Por Letícia Fucuchima
SÃO PAULO (Reuters) - A abertura completa do mercado livre de energia elétrica a partir de 2026 no Brasil não deve onerar os consumidores com a necessidade de criação de um novo encargo na conta de luz para bancar custos relacionados à eventual sobrecontratação das distribuidoras de energia, aponta um estudo realizado pela consultoria EY e encomendado pela Associação Brasileira dos Comercializadores de Energia (Abraceel).
A conclusão rebate uma hipótese, bastante discutida no setor nos últimos anos, de que a migração de uma quantidade cada vez maior de consumidores do mercado cativo para o livre levaria a um desequilíbrio econômico-financeiro das distribuidoras, que teriam que arcar com os custos de "sobras" de contratos de energia em seu portfólio.
Nos últimos meses, o governo brasileiro deu importantes passos para a abertura total do mercado livre de energia, a fim de permitir que todos os consumidores do país, inclusive residenciais, possam contratar energia diretamente de um fornecedor.
Hoje, o mercado livre é acessado principalmente por grandes indústrias e empresas, embora as exigências para migração já venham se reduzindo nos últimos anos, de forma a estimular que um número maior de pequenas e médias empresas ingressem no mercado.
Uma das principais preocupações com esse processo é evitar desequilíbrio ao negócio das distribuidoras, que em tese passariam a atender menos clientes com um volume de energia contratado no passado para um mercado muito maior.

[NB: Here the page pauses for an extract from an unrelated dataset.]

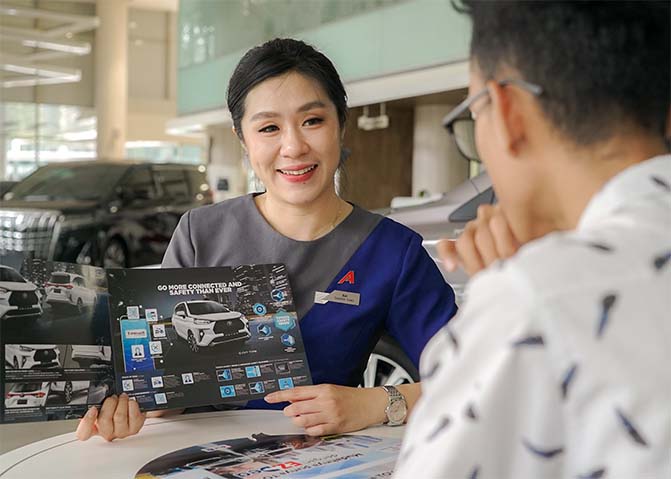 Auto2000 Berikan Solusi Hijrah dari Mobil ICE ke Elektrifikasi Toyota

Isso se torna um problema para as empresas porque, quando a contratação supera 105%, elas não podem repassar os custos às tarifas e têm que arcar com eles.
O estudo da EY simulou três cenários para os próximos 20 anos considerando diferentes ritmos de crescimento da demanda de energia elétrica e de migrações de consumidores entre os mercados cativo e livre. Em apenas um dos cenários, que considera números conservadores para a carga e agressivos para as migrações, identificou-se a possibilidade de sobrecontratação.
O estudo apontou que, mesmo nesse caso, as distribuidoras já contariam com mecanismos regulatórios e legais para reduzir o problema de sobrecontratação.
Um dos exemplos dados é o da nova lei da micro e minigeração distribuída, que prevê que todo o volume gerado por esses sistemas deve ser considerado como "exposição involuntária" para as distribuidoras.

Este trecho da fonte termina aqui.